TASK DESCRIPTION
The answer must match the listing exactly, with every line written out again.

[[ DATA FOR THIS TASK open ]]

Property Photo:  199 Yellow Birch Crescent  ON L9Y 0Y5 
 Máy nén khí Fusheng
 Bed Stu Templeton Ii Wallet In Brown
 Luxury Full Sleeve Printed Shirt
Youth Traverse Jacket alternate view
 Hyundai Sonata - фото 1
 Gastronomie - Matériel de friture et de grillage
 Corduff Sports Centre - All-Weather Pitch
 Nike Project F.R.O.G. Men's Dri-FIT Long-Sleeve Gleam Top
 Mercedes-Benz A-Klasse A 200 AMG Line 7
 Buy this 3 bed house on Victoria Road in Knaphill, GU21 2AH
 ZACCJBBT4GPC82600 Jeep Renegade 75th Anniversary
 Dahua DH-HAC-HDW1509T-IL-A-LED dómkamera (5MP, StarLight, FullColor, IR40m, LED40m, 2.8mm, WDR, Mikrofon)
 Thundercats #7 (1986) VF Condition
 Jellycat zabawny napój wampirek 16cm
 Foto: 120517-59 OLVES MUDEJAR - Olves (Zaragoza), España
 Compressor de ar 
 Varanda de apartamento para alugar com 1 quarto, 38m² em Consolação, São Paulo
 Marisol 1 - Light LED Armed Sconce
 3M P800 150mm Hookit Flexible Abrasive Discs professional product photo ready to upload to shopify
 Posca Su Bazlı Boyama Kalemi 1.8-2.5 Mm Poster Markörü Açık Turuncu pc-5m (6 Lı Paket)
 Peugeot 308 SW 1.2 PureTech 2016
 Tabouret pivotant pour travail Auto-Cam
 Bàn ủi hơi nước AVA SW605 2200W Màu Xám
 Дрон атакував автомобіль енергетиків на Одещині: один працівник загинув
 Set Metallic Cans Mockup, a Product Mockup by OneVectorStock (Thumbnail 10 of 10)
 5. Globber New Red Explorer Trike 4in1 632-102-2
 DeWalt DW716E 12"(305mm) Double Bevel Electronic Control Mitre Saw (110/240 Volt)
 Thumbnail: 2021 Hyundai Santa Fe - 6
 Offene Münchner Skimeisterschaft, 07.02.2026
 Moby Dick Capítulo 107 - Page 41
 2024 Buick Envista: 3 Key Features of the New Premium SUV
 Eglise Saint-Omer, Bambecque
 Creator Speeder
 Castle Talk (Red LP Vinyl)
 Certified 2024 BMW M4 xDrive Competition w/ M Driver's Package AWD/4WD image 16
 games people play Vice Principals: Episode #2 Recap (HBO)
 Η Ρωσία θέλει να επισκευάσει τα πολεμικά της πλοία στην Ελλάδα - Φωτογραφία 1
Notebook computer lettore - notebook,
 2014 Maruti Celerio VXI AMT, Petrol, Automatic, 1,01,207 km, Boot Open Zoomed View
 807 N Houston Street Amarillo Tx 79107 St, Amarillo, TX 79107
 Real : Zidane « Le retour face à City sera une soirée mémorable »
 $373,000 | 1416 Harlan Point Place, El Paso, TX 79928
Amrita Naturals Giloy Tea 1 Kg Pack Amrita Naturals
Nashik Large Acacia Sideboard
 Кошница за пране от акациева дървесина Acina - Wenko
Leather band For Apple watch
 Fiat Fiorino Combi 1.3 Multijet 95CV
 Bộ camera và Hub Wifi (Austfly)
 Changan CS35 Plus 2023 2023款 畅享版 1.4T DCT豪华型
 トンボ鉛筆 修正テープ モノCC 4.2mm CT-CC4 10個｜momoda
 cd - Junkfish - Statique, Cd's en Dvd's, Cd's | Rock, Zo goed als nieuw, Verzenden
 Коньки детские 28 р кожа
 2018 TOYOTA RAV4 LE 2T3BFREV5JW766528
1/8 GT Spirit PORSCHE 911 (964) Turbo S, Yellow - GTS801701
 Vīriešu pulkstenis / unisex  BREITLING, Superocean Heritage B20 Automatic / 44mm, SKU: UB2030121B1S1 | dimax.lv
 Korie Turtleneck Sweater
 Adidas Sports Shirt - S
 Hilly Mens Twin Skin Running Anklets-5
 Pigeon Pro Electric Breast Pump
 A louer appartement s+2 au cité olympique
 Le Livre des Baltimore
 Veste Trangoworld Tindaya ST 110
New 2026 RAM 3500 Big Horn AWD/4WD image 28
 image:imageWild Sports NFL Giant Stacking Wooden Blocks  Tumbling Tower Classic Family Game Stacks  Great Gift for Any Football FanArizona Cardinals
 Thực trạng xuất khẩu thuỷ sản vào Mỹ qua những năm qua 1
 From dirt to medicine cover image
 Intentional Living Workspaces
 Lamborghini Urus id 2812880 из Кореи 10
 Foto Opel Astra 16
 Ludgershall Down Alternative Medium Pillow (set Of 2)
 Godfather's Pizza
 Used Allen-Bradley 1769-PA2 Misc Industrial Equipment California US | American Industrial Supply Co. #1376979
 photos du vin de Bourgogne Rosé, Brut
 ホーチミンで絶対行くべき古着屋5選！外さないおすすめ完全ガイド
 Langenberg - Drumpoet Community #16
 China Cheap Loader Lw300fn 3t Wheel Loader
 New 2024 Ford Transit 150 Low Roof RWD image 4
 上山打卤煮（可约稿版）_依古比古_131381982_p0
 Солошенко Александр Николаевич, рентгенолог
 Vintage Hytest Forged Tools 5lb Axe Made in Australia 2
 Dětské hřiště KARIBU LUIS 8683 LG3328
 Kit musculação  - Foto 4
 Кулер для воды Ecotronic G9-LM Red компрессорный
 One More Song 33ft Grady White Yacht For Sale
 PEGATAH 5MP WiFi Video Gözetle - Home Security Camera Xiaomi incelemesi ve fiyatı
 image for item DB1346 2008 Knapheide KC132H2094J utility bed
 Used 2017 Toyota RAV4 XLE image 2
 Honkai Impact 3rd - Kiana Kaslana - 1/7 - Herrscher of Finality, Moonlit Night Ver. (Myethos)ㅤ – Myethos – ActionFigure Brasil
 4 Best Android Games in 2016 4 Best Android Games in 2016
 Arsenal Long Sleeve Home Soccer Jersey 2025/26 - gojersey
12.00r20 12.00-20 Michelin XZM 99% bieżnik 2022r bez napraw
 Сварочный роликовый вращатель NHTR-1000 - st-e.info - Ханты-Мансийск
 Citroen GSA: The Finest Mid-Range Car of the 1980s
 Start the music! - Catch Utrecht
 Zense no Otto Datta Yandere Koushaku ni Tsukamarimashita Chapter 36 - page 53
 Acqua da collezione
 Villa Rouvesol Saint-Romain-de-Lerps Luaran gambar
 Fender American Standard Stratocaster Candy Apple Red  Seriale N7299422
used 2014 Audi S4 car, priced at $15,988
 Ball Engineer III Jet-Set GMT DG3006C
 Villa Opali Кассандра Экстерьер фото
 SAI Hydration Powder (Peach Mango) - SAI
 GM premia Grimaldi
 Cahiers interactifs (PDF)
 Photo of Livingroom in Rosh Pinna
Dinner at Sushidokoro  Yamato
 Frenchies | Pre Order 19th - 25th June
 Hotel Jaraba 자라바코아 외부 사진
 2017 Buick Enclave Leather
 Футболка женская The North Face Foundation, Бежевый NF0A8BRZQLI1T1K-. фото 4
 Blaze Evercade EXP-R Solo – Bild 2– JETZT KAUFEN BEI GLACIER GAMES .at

[[ DATA FOR THIS TASK closed ]]

FINISHED EXERCISE
Property Photo:  199 Yellow Birch Crescent  ON L9Y 0Y5 
 Máy nén khí Fusheng
 Bed Stu Templeton Ii Wallet In Brown
 Luxury Full Sleeve Printed Shirt
Youth Traverse Jacket alternate view
 Hyundai Sonata - фото 1
 Gastronomie - Matériel de friture et de grillage
 Corduff Sports Centre - All-Weather Pitch
 Nike Project F.R.O.G. Men's Dri-FIT Long-Sleeve Gleam Top
 Mercedes-Benz A-Klasse A 200 AMG Line 7
 Buy this 3 bed house on Victoria Road in Knaphill, GU21 2AH
 ZACCJBBT4GPC82600 Jeep Renegade 75th Anniversary
 Dahua DH-HAC-HDW1509T-IL-A-LED dómkamera (5MP, StarLight, FullColor, IR40m, LED40m, 2.8mm, WDR, Mikrofon)
 Thundercats #7 (1986) VF Condition
 Jellycat zabawny napój wampirek 16cm
 Foto: 120517-59 OLVES MUDEJAR - Olves (Zaragoza), España
 Compressor de ar 
 Varanda de apartamento para alugar com 1 quarto, 38m² em Consolação, São Paulo
 Marisol 1 - Light LED Armed Sconce
 3M P800 150mm Hookit Flexible Abrasive Discs professional product photo ready to upload to shopify
 Posca Su Bazlı Boyama Kalemi 1.8-2.5 Mm Poster Markörü Açık Turuncu pc-5m (6 Lı Paket)
 Peugeot 308 SW 1.2 PureTech 2016
 Tabouret pivotant pour travail Auto-Cam
 Bàn ủi hơi nước AVA SW605 2200W Màu Xám
 Дрон атакував автомобіль енергетиків на Одещині: один працівник загинув
 Set Metallic Cans Mockup, a Product Mockup by OneVectorStock (Thumbnail 10 of 10)
 5. Globber New Red Explorer Trike 4in1 632-102-2
 DeWalt DW716E 12"(305mm) Double Bevel Electronic Control Mitre Saw (110/240 Volt)
 Thumbnail: 2021 Hyundai Santa Fe - 6
 Offene Münchner Skimeisterschaft, 07.02.2026
 Moby Dick Capítulo 107 - Page 41
 2024 Buick Envista: 3 Key Features of the New Premium SUV
 Eglise Saint-Omer, Bambecque
 Creator Speeder
 Castle Talk (Red LP Vinyl)
 Certified 2024 BMW M4 xDrive Competition w/ M Driver's Package AWD/4WD image 16
 games people play Vice Principals: Episode #2 Recap (HBO)
 Η Ρωσία θέλει να επισκευάσει τα πολεμικά της πλοία στην Ελλάδα - Φωτογραφία 1
Notebook computer lettore - notebook,
 2014 Maruti Celerio VXI AMT, Petrol, Automatic, 1,01,207 km, Boot Open Zoomed View
 807 N Houston Street Amarillo Tx 79107 St, Amarillo, TX 79107
 Real : Zidane « Le retour face à City sera une soirée mémorable »
 $373,000 | 1416 Harlan Point Place, El Paso, TX 79928
Amrita Naturals Giloy Tea 1 Kg Pack Amrita Naturals
Nashik Large Acacia Sideboard
 Кошница за пране от акациева дървесина Acina - Wenko
Leather band For Apple watch
 Fiat Fiorino Combi 1.3 Multijet 95CV
 Bộ camera và Hub Wifi (Austfly)
 Changan CS35 Plus 2023 2023款 畅享版 1.4T DCT豪华型
 トンボ鉛筆 修正テープ モノCC 4.2mm CT-CC4 10個｜momoda
 cd - Junkfish - Statique, Cd's en Dvd's, Cd's | Rock, Zo goed als nieuw, Verzenden
 Коньки детские 28 р кожа
 2018 TOYOTA RAV4 LE 2T3BFREV5JW766528
1/8 GT Spirit PORSCHE 911 (964) Turbo S, Yellow - GTS801701
 Vīriešu pulkstenis / unisex  BREITLING, Superocean Heritage B20 Automatic / 44mm, SKU: UB2030121B1S1 | dimax.lv
 Korie Turtleneck Sweater
 Adidas Sports Shirt - S
 Hilly Mens Twin Skin Running Anklets-5
 Pigeon Pro Electric Breast Pump
 A louer appartement s+2 au cité olympique
 Le Livre des Baltimore
 Veste Trangoworld Tindaya ST 110
New 2026 RAM 3500 Big Horn AWD/4WD image 28
 image:imageWild Sports NFL Giant Stacking Wooden Blocks  Tumbling Tower Classic Family Game Stacks  Great Gift for Any Football FanArizona Cardinals
 Thực trạng xuất khẩu thuỷ sản vào Mỹ qua những năm qua 1
 From dirt to medicine cover image
 Intentional Living Workspaces
 Lamborghini Urus id 2812880 из Кореи 10
 Foto Opel Astra 16
 Ludgershall Down Alternative Medium Pillow (set Of 2)
 Godfather's Pizza
 Used Allen-Bradley 1769-PA2 Misc Industrial Equipment California US | American Industrial Supply Co. #1376979
 photos du vin de Bourgogne Rosé, Brut
 ホーチミンで絶対行くべき古着屋5選！外さないおすすめ完全ガイド
 Langenberg - Drumpoet Community #16
 China Cheap Loader Lw300fn 3t Wheel Loader
 New 2024 Ford Transit 150 Low Roof RWD image 4
 上山打卤煮（可约稿版）_依古比古_131381982_p0
 Солошенко Александр Николаевич, рентгенолог
 Vintage Hytest Forged Tools 5lb Axe Made in Australia 2
 Dětské hřiště KARIBU LUIS 8683 LG3328
 Kit musculação  - Foto 4
 Кулер для воды Ecotronic G9-LM Red компрессорный
 One More Song 33ft Grady White Yacht For Sale
 PEGATAH 5MP WiFi Video Gözetle - Home Security Camera Xiaomi incelemesi ve fiyatı
 image for item DB1346 2008 Knapheide KC132H2094J utility bed
 Used 2017 Toyota RAV4 XLE image 2
 Honkai Impact 3rd - Kiana Kaslana - 1/7 - Herrscher of Finality, Moonlit Night Ver. (Myethos)ㅤ – Myethos – ActionFigure Brasil
 4 Best Android Games in 2016 4 Best Android Games in 2016
 Arsenal Long Sleeve Home Soccer Jersey 2025/26 - gojersey
12.00r20 12.00-20 Michelin XZM 99% bieżnik 2022r bez napraw
 Сварочный роликовый вращатель NHTR-1000 - st-e.info - Ханты-Мансийск
 Citroen GSA: The Finest Mid-Range Car of the 1980s
 Start the music! - Catch Utrecht
 Zense no Otto Datta Yandere Koushaku ni Tsukamarimashita Chapter 36 - page 53
 Acqua da collezione
 Villa Rouvesol Saint-Romain-de-Lerps Luaran gambar
 Fender American Standard Stratocaster Candy Apple Red  Seriale N7299422
used 2014 Audi S4 car, priced at $15,988
 Ball Engineer III Jet-Set GMT DG3006C
 Villa Opali Кассандра Экстерьер фото
 SAI Hydration Powder (Peach Mango) - SAI
 GM premia Grimaldi
 Cahiers interactifs (PDF)
 Photo of Livingroom in Rosh Pinna
Dinner at Sushidokoro  Yamato
 Frenchies | Pre Order 19th - 25th June
 Hotel Jaraba 자라바코아 외부 사진
 2017 Buick Enclave Leather
 Футболка женская The North Face Foundation, Бежевый NF0A8BRZQLI1T1K-. фото 4
 Blaze Evercade EXP-R Solo – Bild 2– JETZT KAUFEN BEI GLACIER GAMES .at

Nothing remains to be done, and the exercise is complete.